Wednesday, 22 February 2012

Syria


I heard the Syrian town of Idlib mentioned on the news today, for the second time in a few weeks. Previously I'd not heard of the place for 50 years – but I was actually there, passing through, on my way to Jerusalem in 1961.

We were on a Lambretta 175 that had somehow got us overland from London, and went on to see us home too. We'd left the south east corner of Turkey and entered Syria and headed south and went towards Hama and Homs and on to Damascus. I was on the back with the map, my friend Colin was driving. We came to a junction and Colin asked “Which way?”. The junction was not on our map, so I decided that left headed broadly towards the desert, and the right headed broadly towards the sea, and that was the safer option.
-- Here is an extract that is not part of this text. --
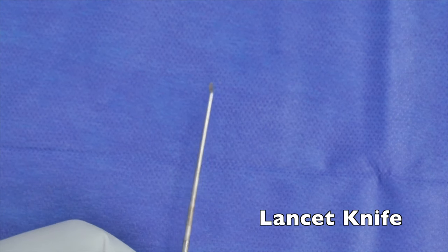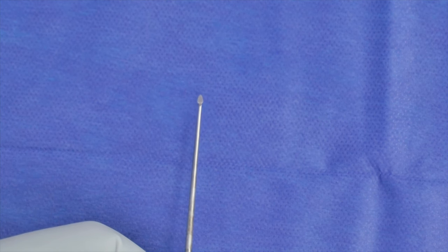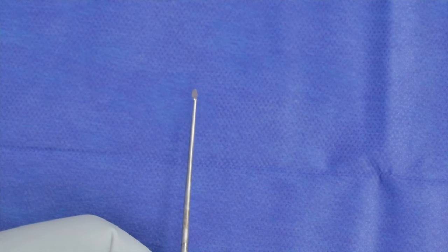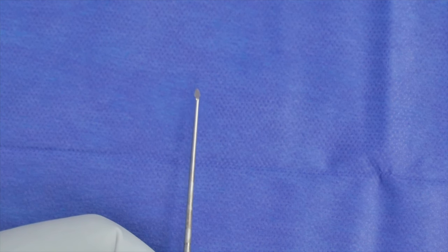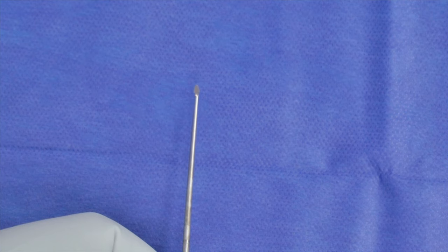This is a lancet knife, and it's less commonly used by many people, but it is helpful in certain situations. It's a lot like a round knife in the sense that the end is cutting, but you might use it for a canal incision, particularly if the tissue of the canal is really thick, like along the vascular strip. You could also use a round beaver blade or a bent beaver blade for the same purpose.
Shortly we came to a small town and decided we needed a closer look at our map. We stopped and were, as usual, surrounded at once by a crowd of small children. After a while I looked up and said quietly to Colin “There are soldiers all round us”. And so there were, a ring of them, carrying their weapons. We folded our map and smiled as broadly as we knew how, and one of the soldiers came over and asked where we were heading. I said “Damascus”. He pointed the way we had come - “That way”. “But we've just come that way, it must be that way,” I said, pointing in the other direction. The soldier frowned. “Where is your pam?” he demanded. “What?” “Your pam! You must have pam!” He sounded belligerent. In one of those rare flashes of genius I have been known to have from time to time, I realised he was an Arab, and was mentally reading the word from right to left. He was asking for our map!

It was soon clear that we were off the map and off the road to Damascus. The guy who had first approached us then asked us to the café – we were on some kind of Army post. We were brought food and drink, and then the phone behind the counter rang. The man of the shop answered it, brought the phone over to us and said “It's for you”. “It can't be, no-one knows we're here!” But it was, it was the officer in charge who offered us accommodation for the night. All in all we were made incredibly welcome, fed, watered and accommodated at no charge, and in the morning after breakfast sent on our way with directions to Damascus.

On our way home from Jerusalem we stopped for about 3 weeks in Damascus and got to know the city quite well. Locals made friends in the café, helped us sort out our visas when we were in danger of overstaying, and were generally welcoming and hospitable. We loved the place.

And now I hear about the violence in that leafy historic City, where we walked down the Street Called Straight, which appears in the bible, among those friendly people. It is heart-breaking, utterly heart-breaking.